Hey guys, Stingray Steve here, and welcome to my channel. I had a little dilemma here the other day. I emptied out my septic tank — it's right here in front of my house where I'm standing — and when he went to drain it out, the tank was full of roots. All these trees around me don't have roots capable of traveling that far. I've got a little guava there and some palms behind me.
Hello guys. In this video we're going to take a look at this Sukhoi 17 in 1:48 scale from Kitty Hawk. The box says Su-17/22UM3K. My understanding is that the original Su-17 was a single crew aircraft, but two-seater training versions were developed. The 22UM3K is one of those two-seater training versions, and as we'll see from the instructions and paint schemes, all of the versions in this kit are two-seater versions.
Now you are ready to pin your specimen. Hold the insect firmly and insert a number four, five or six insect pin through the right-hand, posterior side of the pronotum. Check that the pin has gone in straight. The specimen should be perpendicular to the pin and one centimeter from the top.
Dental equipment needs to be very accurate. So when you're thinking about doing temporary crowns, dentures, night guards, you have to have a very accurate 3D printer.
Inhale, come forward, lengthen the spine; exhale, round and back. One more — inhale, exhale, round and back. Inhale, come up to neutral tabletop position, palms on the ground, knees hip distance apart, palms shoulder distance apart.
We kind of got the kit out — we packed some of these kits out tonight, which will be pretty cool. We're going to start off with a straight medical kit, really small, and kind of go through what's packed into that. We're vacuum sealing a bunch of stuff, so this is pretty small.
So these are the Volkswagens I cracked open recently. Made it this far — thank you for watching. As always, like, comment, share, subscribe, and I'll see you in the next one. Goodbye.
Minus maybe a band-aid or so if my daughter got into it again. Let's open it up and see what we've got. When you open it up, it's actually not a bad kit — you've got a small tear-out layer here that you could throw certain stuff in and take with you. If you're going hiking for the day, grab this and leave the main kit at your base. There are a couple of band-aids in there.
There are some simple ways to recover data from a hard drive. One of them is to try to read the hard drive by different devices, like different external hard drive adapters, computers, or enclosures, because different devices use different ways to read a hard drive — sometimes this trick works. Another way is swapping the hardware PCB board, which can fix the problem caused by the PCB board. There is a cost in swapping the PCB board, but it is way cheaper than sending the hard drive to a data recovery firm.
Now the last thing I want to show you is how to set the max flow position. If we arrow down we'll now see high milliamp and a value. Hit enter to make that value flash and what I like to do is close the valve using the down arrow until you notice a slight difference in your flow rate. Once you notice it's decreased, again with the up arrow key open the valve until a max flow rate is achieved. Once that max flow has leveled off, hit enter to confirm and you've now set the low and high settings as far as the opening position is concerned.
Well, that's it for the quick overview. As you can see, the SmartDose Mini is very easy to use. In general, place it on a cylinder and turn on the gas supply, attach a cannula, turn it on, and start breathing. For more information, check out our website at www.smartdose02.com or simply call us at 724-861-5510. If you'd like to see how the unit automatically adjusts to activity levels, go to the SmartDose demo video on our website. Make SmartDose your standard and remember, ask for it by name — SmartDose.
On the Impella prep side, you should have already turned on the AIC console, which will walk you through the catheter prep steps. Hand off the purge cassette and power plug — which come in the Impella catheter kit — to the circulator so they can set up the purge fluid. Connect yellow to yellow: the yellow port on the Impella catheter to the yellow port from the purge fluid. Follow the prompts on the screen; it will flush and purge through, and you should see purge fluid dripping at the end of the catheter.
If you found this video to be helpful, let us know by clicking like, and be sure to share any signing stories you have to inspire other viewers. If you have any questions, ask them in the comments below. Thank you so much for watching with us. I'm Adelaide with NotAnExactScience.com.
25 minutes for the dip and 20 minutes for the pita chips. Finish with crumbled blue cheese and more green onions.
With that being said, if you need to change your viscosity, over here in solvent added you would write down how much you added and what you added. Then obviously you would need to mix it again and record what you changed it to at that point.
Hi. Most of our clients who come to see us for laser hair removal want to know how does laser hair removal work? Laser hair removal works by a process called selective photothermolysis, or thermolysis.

■ ABOUT THIS EXERCISE: Set down the full listing. Keep every line exact.

■ REPLY TO THE EXERCISE:
Hey guys, Stingray Steve here, and welcome to my channel. I had a little dilemma here the other day. I emptied out my septic tank — it's right here in front of my house where I'm standing — and when he went to drain it out, the tank was full of roots. All these trees around me don't have roots capable of traveling that far. I've got a little guava there and some palms behind me.
Hello guys. In this video we're going to take a look at this Sukhoi 17 in 1:48 scale from Kitty Hawk. The box says Su-17/22UM3K. My understanding is that the original Su-17 was a single crew aircraft, but two-seater training versions were developed. The 22UM3K is one of those two-seater training versions, and as we'll see from the instructions and paint schemes, all of the versions in this kit are two-seater versions.
Now you are ready to pin your specimen. Hold the insect firmly and insert a number four, five or six insect pin through the right-hand, posterior side of the pronotum. Check that the pin has gone in straight. The specimen should be perpendicular to the pin and one centimeter from the top.
Dental equipment needs to be very accurate. So when you're thinking about doing temporary crowns, dentures, night guards, you have to have a very accurate 3D printer.
Inhale, come forward, lengthen the spine; exhale, round and back. One more — inhale, exhale, round and back. Inhale, come up to neutral tabletop position, palms on the ground, knees hip distance apart, palms shoulder distance apart.
We kind of got the kit out — we packed some of these kits out tonight, which will be pretty cool. We're going to start off with a straight medical kit, really small, and kind of go through what's packed into that. We're vacuum sealing a bunch of stuff, so this is pretty small.
So these are the Volkswagens I cracked open recently. Made it this far — thank you for watching. As always, like, comment, share, subscribe, and I'll see you in the next one. Goodbye.
Minus maybe a band-aid or so if my daughter got into it again. Let's open it up and see what we've got. When you open it up, it's actually not a bad kit — you've got a small tear-out layer here that you could throw certain stuff in and take with you. If you're going hiking for the day, grab this and leave the main kit at your base. There are a couple of band-aids in there.
There are some simple ways to recover data from a hard drive. One of them is to try to read the hard drive by different devices, like different external hard drive adapters, computers, or enclosures, because different devices use different ways to read a hard drive — sometimes this trick works. Another way is swapping the hardware PCB board, which can fix the problem caused by the PCB board. There is a cost in swapping the PCB board, but it is way cheaper than sending the hard drive to a data recovery firm.
Now the last thing I want to show you is how to set the max flow position. If we arrow down we'll now see high milliamp and a value. Hit enter to make that value flash and what I like to do is close the valve using the down arrow until you notice a slight difference in your flow rate. Once you notice it's decreased, again with the up arrow key open the valve until a max flow rate is achieved. Once that max flow has leveled off, hit enter to confirm and you've now set the low and high settings as far as the opening position is concerned.
Well, that's it for the quick overview. As you can see, the SmartDose Mini is very easy to use. In general, place it on a cylinder and turn on the gas supply, attach a cannula, turn it on, and start breathing. For more information, check out our website at www.smartdose02.com or simply call us at 724-861-5510. If you'd like to see how the unit automatically adjusts to activity levels, go to the SmartDose demo video on our website. Make SmartDose your standard and remember, ask for it by name — SmartDose.
On the Impella prep side, you should have already turned on the AIC console, which will walk you through the catheter prep steps. Hand off the purge cassette and power plug — which come in the Impella catheter kit — to the circulator so they can set up the purge fluid. Connect yellow to yellow: the yellow port on the Impella catheter to the yellow port from the purge fluid. Follow the prompts on the screen; it will flush and purge through, and you should see purge fluid dripping at the end of the catheter.
If you found this video to be helpful, let us know by clicking like, and be sure to share any signing stories you have to inspire other viewers. If you have any questions, ask them in the comments below. Thank you so much for watching with us. I'm Adelaide with NotAnExactScience.com.
25 minutes for the dip and 20 minutes for the pita chips. Finish with crumbled blue cheese and more green onions.
With that being said, if you need to change your viscosity, over here in solvent added you would write down how much you added and what you added. Then obviously you would need to mix it again and record what you changed it to at that point.
Hi. Most of our clients who come to see us for laser hair removal want to know how does laser hair removal work? Laser hair removal works by a process called selective photothermolysis, or thermolysis.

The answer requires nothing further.